La notizia che ieri la Ford ha raggiunto l’accordo salariale potrebbe essere un “ulteriore” volano pe l’economia statunitense. Dopo settimane di sciopero, che hanno bloccato l’automotive, è probabile che l’accordo si estenda a tutto il settore, che, almeno in parte, dovrà recuperare il tempo perduto (anche se i danni – miliardari – per i bilanci societari rimarranno), e quindi dare un contributo alla crescita.
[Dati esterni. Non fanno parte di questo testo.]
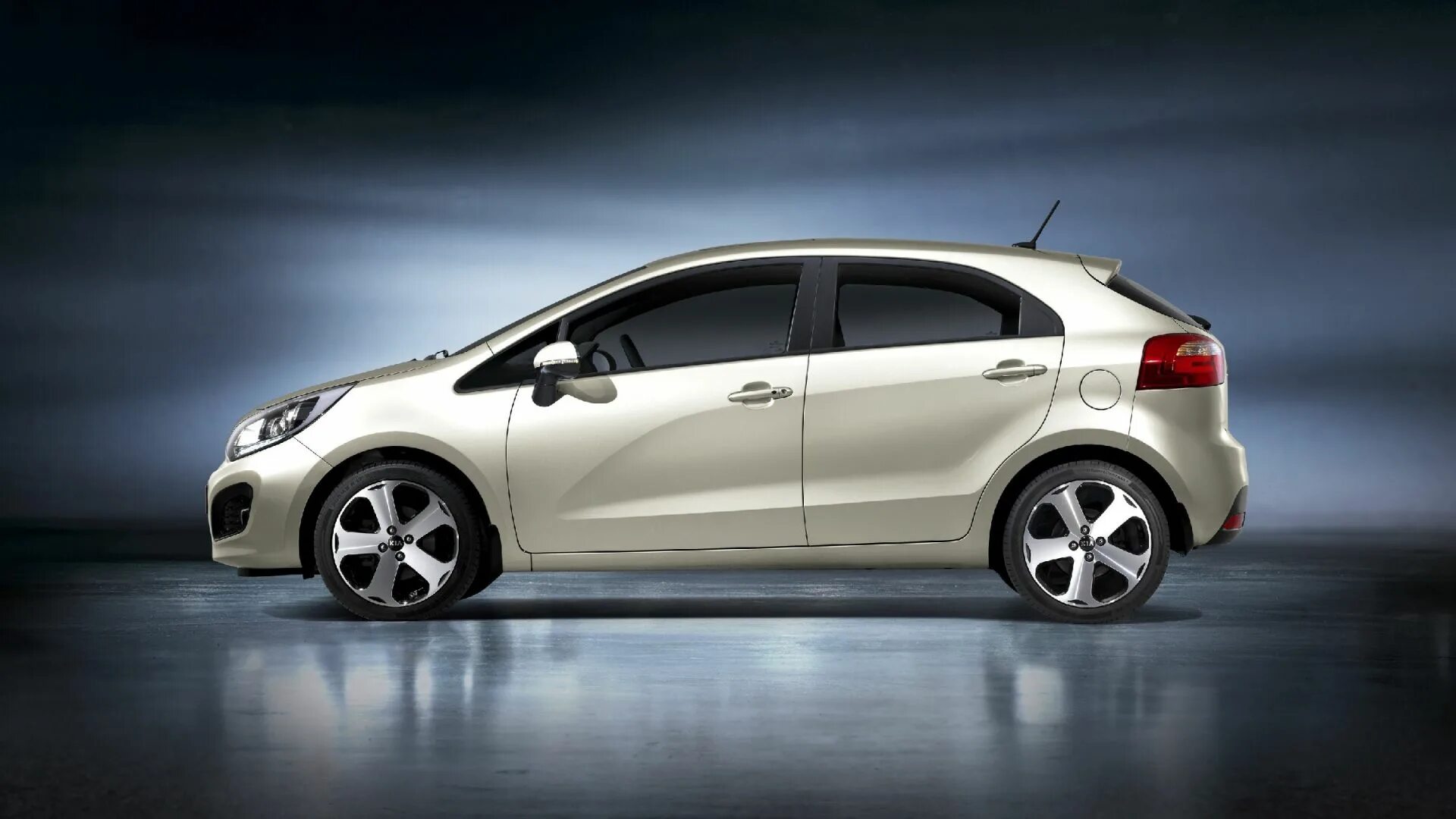 Киа рио хэтчбек фото Anteprima Nuove foto in HD per Kia Rio 2012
L’intesa indubbiamente non è di poco conto (25% di aumento salariale spalmato in 4 anni) e potrebbe portare a delle riorganizzazioni aziendali per “bilanciare” la minor marginalità del sistema,
Infine, l’inflazione, dovrebbe mantenere la sua “traiettoria” di discesa, anche se ben difficilmente la vedremo andare sotto il 3% (se pensiamo che solo qualche mese fa “veleggiava” intorno al 10% non si può dire che un qualche risultato le politiche monetarie restrittive non l’abbiano ottenuto).
Tutti buoni motivi per ritenere che la non semplice congiuntura attuale (borse in calo, tassi a lunga in crescita) possa essere vicina alla fine e che, nelle prossime settimane, si possano vedere segnali di stabilizzazione, preludio di 2024 tutto sommato positivo, sia per quanto riguarda il mercato obbligazionario (la discesa dei tassi favorirà la ripresa dei corsi) che gli indici di borsa (l’attenzione ai margini, come detto, dovrebbe favorire le quotazioni di molte società).
Nuova giornata difficile, ieri, per i mercati statunitensi (Nasdaq – 1,89%, Dow Jones – 0,76%, S&P 500 – 1,18%). Nella notte, però, grazie agli strepitosi dati di Amazon, con ricavi in crescita del 13% (che hanno portato il titolo a crescere, nel dopo borsa, del 7%), l’umore è cambiato, con i futures tutti in rialzo, a partire da quelli sul Nasdaq (+ 0,82%).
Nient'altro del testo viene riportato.